Google has spent large sums to secure what appeared to be significant Internet marketing advantages. In 2003 Google spent $102 million to acquire Applied Semantics, the makers of AdSense, a service that signs up owners of Web sites to run various types of ads on their Web pages. In 2006 Google paid $102 million for another Web advertisement business, dMarc Broadcasting. That same year in August Google announced that it would pay $900 million over three and a half years for the right to sell ads on MySpace.com. In 2007 Google made its largest acquisition to date, buying online advertising firm DoubleClick for $3.1 billion. Two years later the company responded to the explosive growth in the mobile applications market with a $750 million deal to acquire the mobile advertising network AdMob. It was all part of Google's effort to expand from its search engine business into advertising by combining the various firms' databases of information in order to tailor ads to consumers' individual preferences.
Data centres
Exact details on Google's operation are not published, though it is known that the company has at least three dozen data centres around the world, each of them containing several hundred thousand servers (basically, multiprocessor personal computers and hard drives mounted in specially constructed racks).
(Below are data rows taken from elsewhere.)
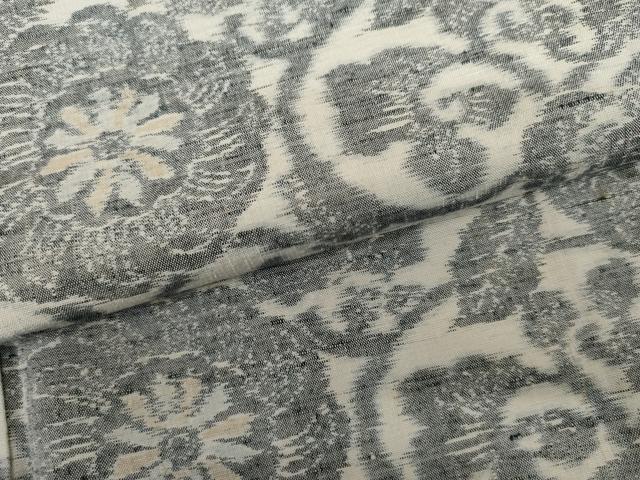 平和屋着物●繭里紬　手織り　菊唐草文　反端付き　正絹　逸品　AABK3455cs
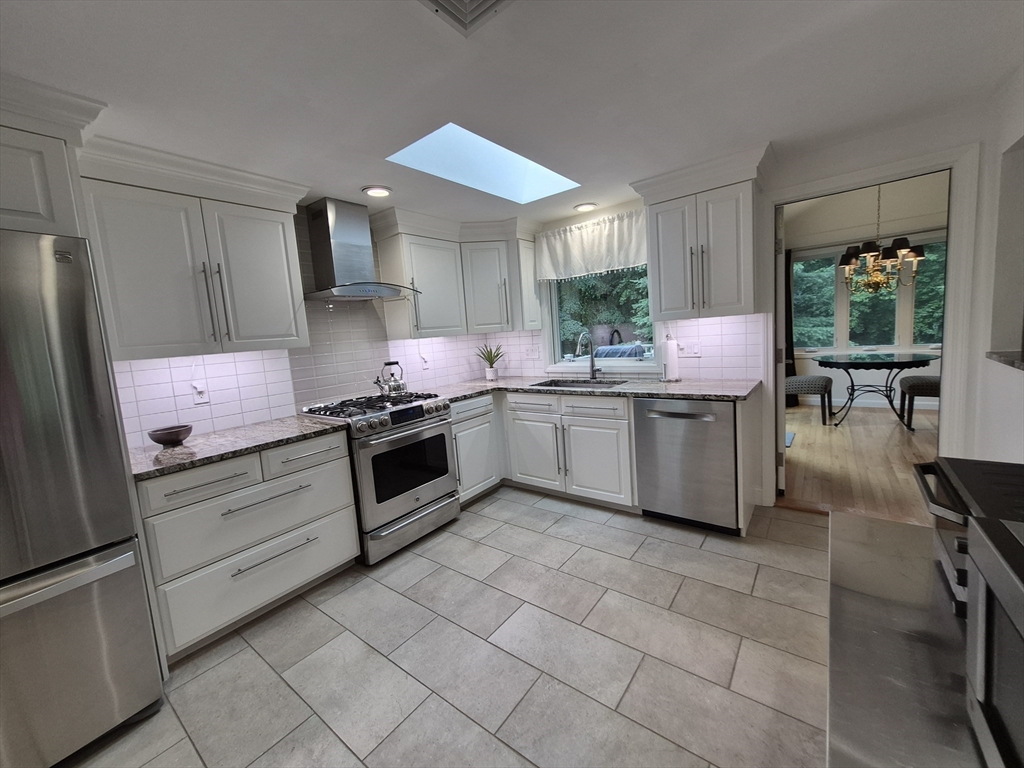 1 Tara Road Southborough, MA 01772 - Photo 7 of 42 Gallery Image 7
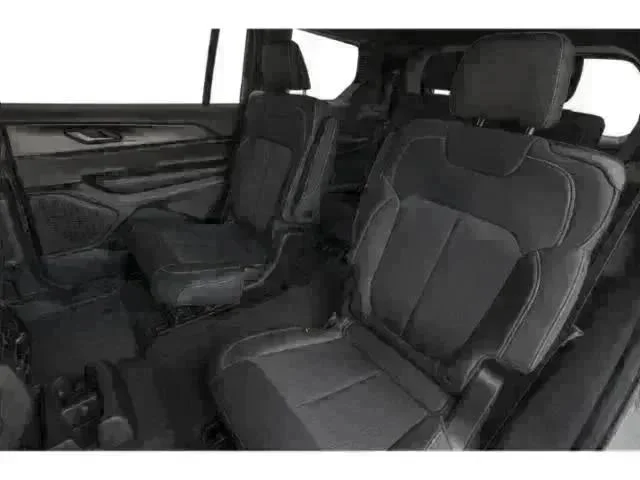 New 2025 Baltic Gray Metallic Clear-Coat Exterior Paint Jeep Altitude image 10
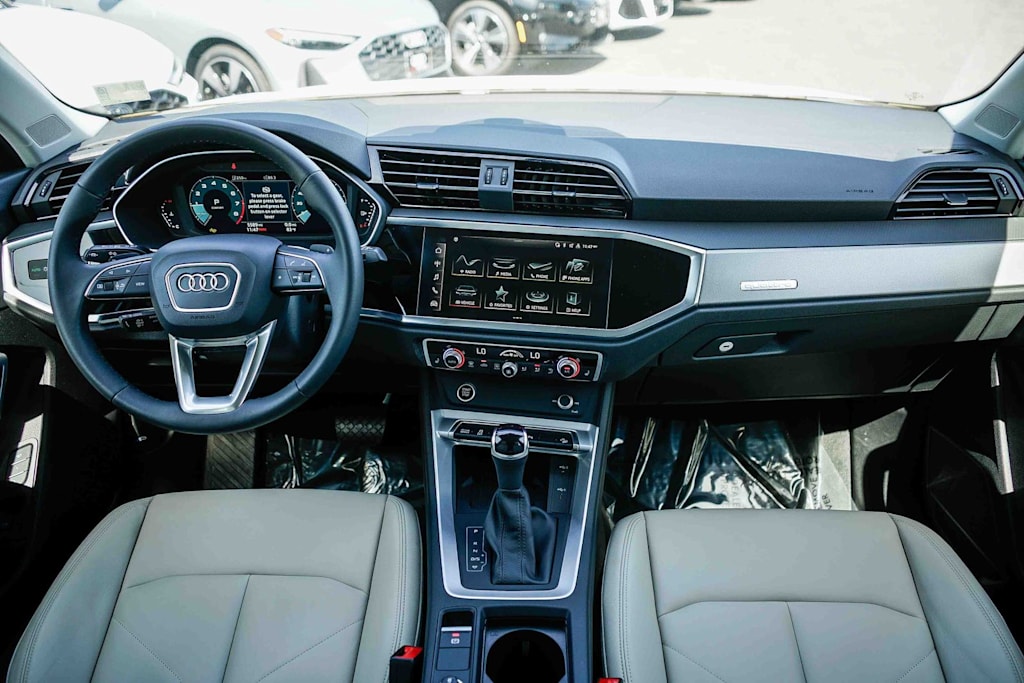 Thumbnail: 2025 Audi Q3 - 2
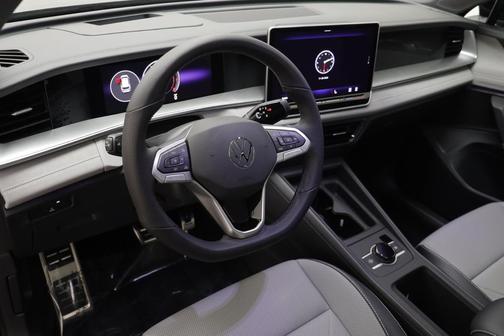 2026 Volkswagen Tiguan 2.0T SE R-Line Black 4MOTION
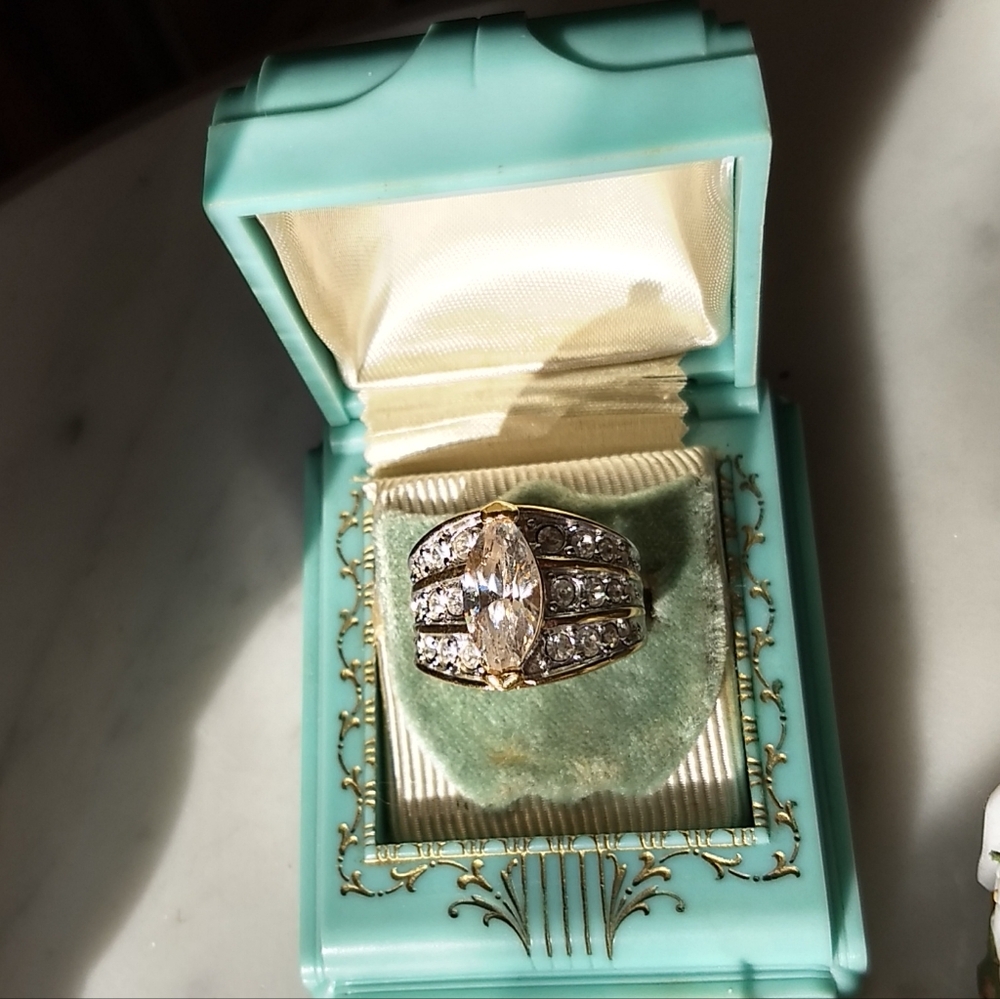 Elegant Wide Gold Marquise Women's Ring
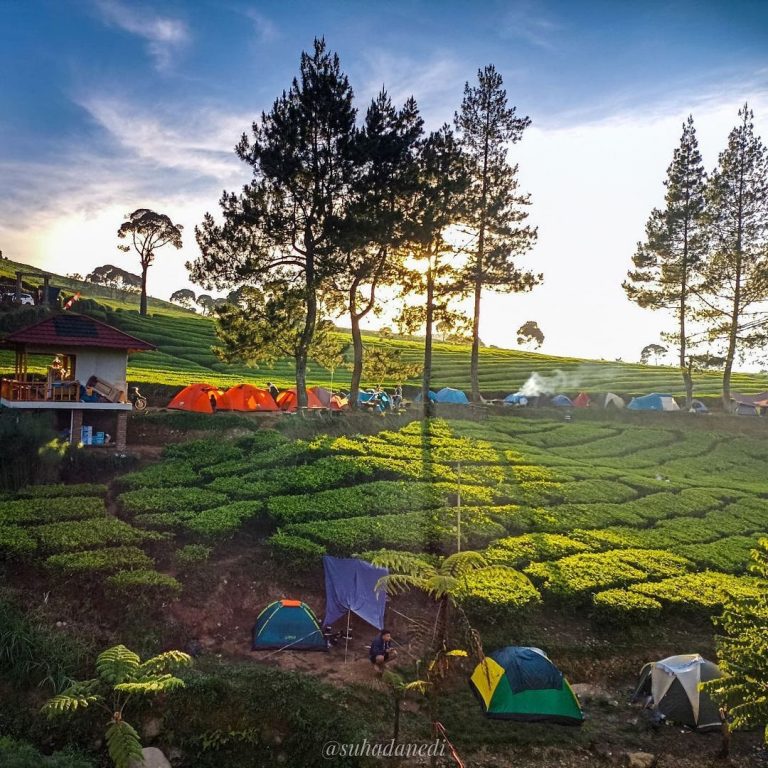 15 Tempat Wisata Terbaru di Bandung yang Sudah Buka dan Wajib Dikunjungi Lengkap dengan HTM dan Alamatnya
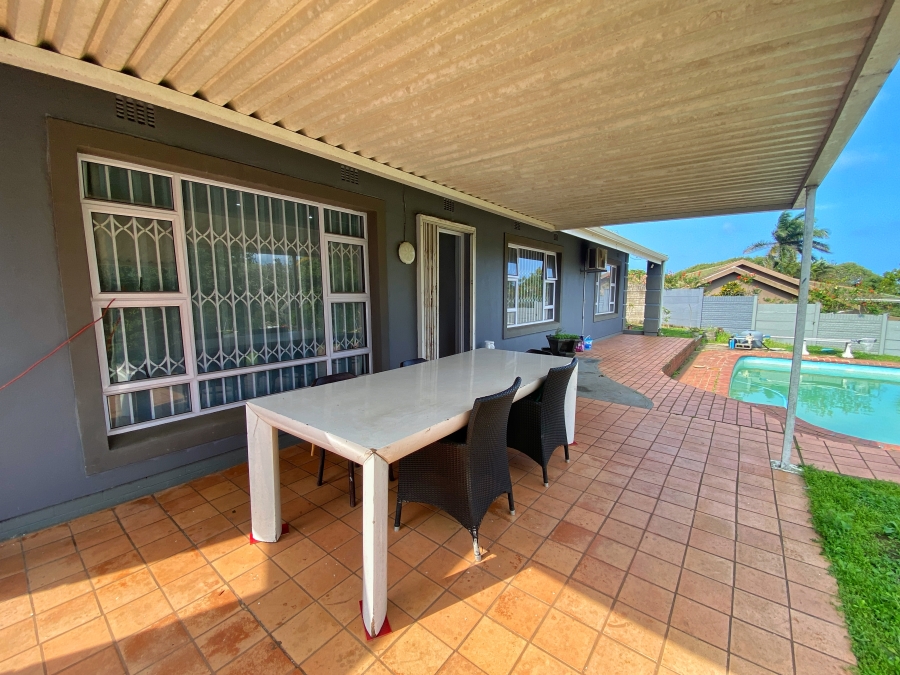 5 Bedroom Property for Sale in Westbrook KwaZulu-Natal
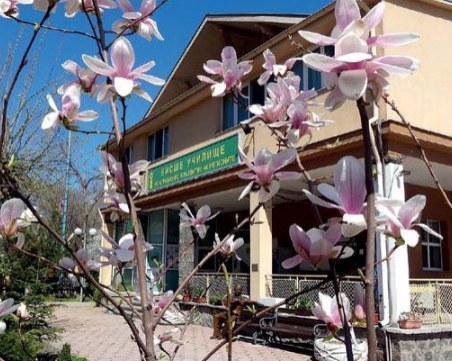 Ставаш студент – печелиш кола, таблет или екскурзия до Париж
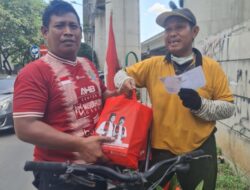 Senyum Haru Pak Dahlan ‘Pahlawan Kebersihan’ Cikunir Dapat Kejutan Lebaran dari Wawali Harris Bobihoe, Ini Reaksinya!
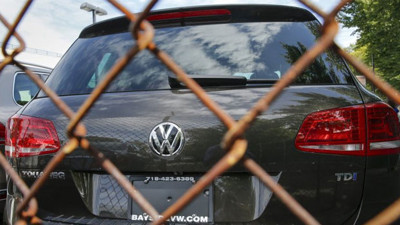 Satılan her 4 otomobilden 3'ü ithal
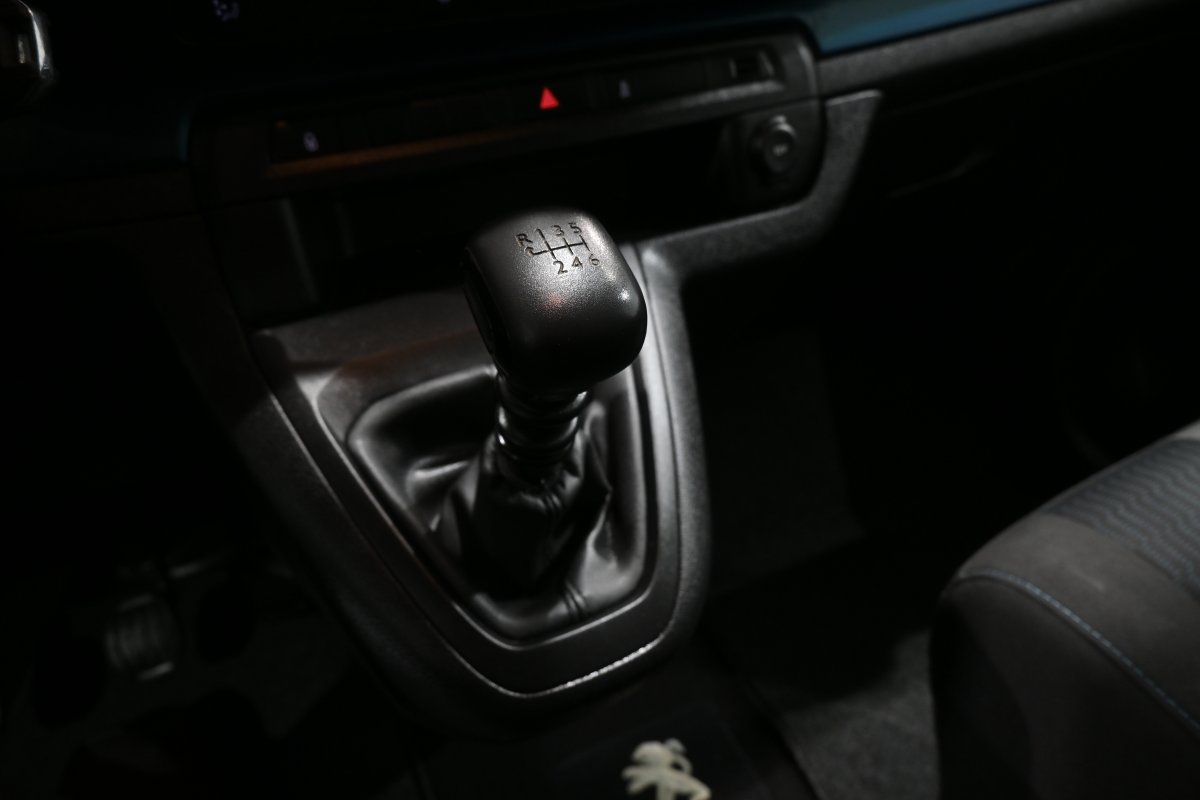 Foto Peugeot Traveller 20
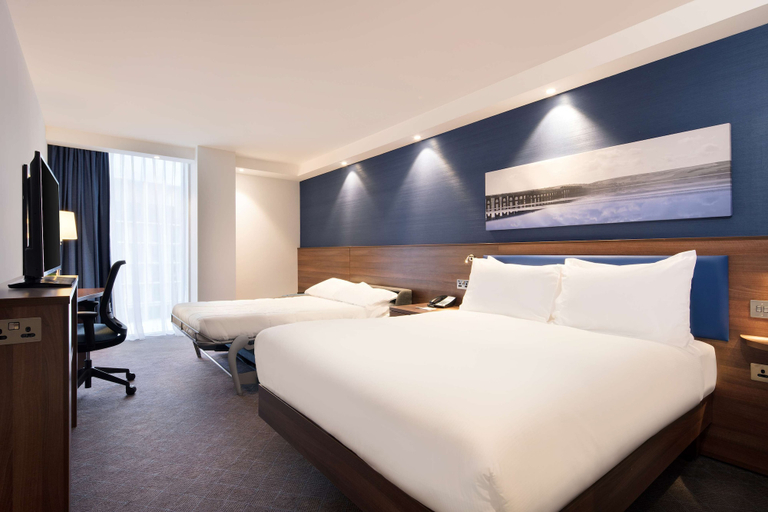 Bedroom 3, Hampton by Hilton Dundee City Centre, Dundee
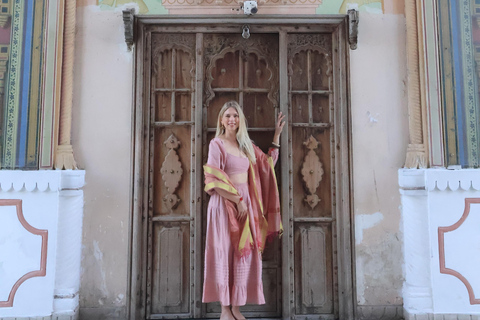 Jaipur: Private Photoshoot Tour with Local Photographer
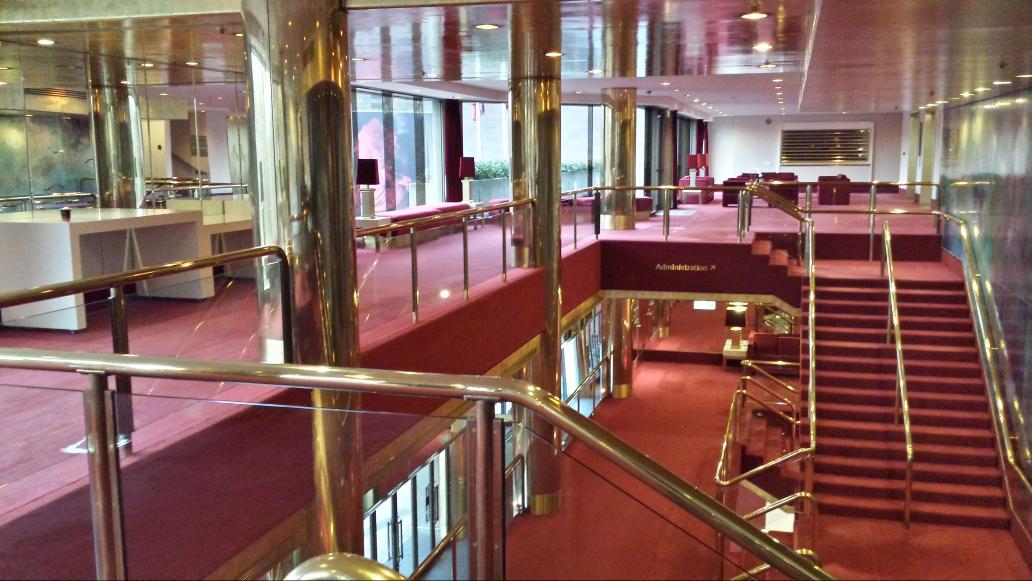 phluid61's tweet image. Passable venue, I suppose. #wdcode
Google's interlinked computers, which probably number several million, are often called the Googleplex. The heart of Google's operation, however, is built around three proprietary pieces of computer code: Google File System (GFS), Bigtable, and MapReduce. GFS handles the storage of data in “chunks” across several machines; Bigtable is the company's database program; and MapReduce is used by Google to generate higher-level data (e.g., putting together an index of Web pages that contain the words “Chicago,” “theatre,” and “participatory”).
In 2007 Google completed the construction of what is possibly its largest data centre, along the Columbia River near The Dalles, Ore. The site takes advantage of the cheap hydroelectric power offered by dams along the river. (The river was also chosen as the site for similar data centres for Microsoft and Yahoo!.)